Estos Cuentos judíos contemporáneos se enmarcan en el ciclo que el escritor, muy influenciado por la Institución de Libre Enseñanza, emprende para defender la cultura sefardita. En concreto, fue decisiva su amistad con el doctor Pulido, quien a principios de siglo XX hizo campaña para conceder la nacionalidad española a los sefardíes repartidos por todo el mundo.

Considerado un maestro por el mismísimo Borges, Cansinos Assens (Sevilla, 1882-Madrid, 1964) abraza esta causa, y su compromiso quedará plasmado en algunas de sus novelas más celebradas, como El candelabro de los siete brazos (1914) o Las luminarias de Hanukah (1924), y en ensayos como España y los judíos españoles (1920) o Los judíos en Sefarad (1950). Entre unos y otros destaca esta antología, que en palabras de la profesora Carmen de Urioste, de la Arizona State University, "ha resistido estupendamente el paso del tiempo, porque todavía hoy nos pone en contacto no sólo con el mundo judío actual y sus costumbres, sino con una serie de enseñanzas que siguen siendo universales", afirma.

No deja de resultar curioso que el mismo autor que desplegó tan ingente volumen de trabajo por el judaísmo fuera también traductor del Corán y de Las mil y una noches, así como autor de una biografía de Mahoma. Claro que nunca pensó que judaísmo e Islam estuvieran enfrentados. "El asume de una manera totalmente natural la confluencia de las tres culturas", concluye la profesora De Urioste. "Él era un políglota, llega las cosas por la lengua y la cultura, y todo acaba siendo para él un magma de erudición, sin mirar ni religión ni políticas. En eso también es un maestro para todos nosotros, pues se pasó la vida tendiendo puentes y defendiendo la unión de las personas".

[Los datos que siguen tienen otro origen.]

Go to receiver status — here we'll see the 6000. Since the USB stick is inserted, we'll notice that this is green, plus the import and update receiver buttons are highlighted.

Aunque muchos lectores han considerado a Cansinos un escritor judío, no hay constancia genealógica de ese hecho. Para Ignacio Garmendia, buen conocedor de su figura y su obra, "se suele decir que fue más bien una opción estetizante y una reivindicación sentimental, derivada de su interés por la tradición judeoespañola. Si Cansinos fue judío, lo fue por elección", comenta.

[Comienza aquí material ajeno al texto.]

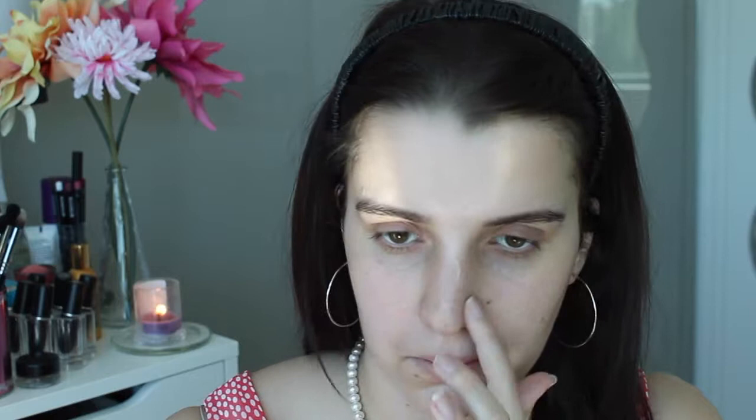Today I'm going to start off with my face, so I'm just going to be prepping my face with my Benefit Porefessional. I'm just applying it in the parts of my face where I find my pores are quite large - these are also the places where I get oily the most.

En cualquier caso, gran parte de la recuperación de la literatura del sevillano se debe a las comunidades judías de todo el mundo y sus revistas y otros órganos de expresión -desde Davar a El Ciervo-, que se han encargado, cabría decir en justa correspondencia, de reivindicarlo en los últimos años. No obstante, mientras que su discípulo Borges hace una defensa sin ambages del Estado de Israel -al que dedica dos magníficos poemas- y juega con la idea de que sus antepasados eran judíos portugueses, Cansinos Assens nunca llegó a tales extremos.  
"Es muy probable que la ascendencia de Cansinos, con un apellido tan sevillano, fuera judía", opina el editor Abelardo Linares, "pero en el siglo XIV. Cuando muere, muere cristianamente".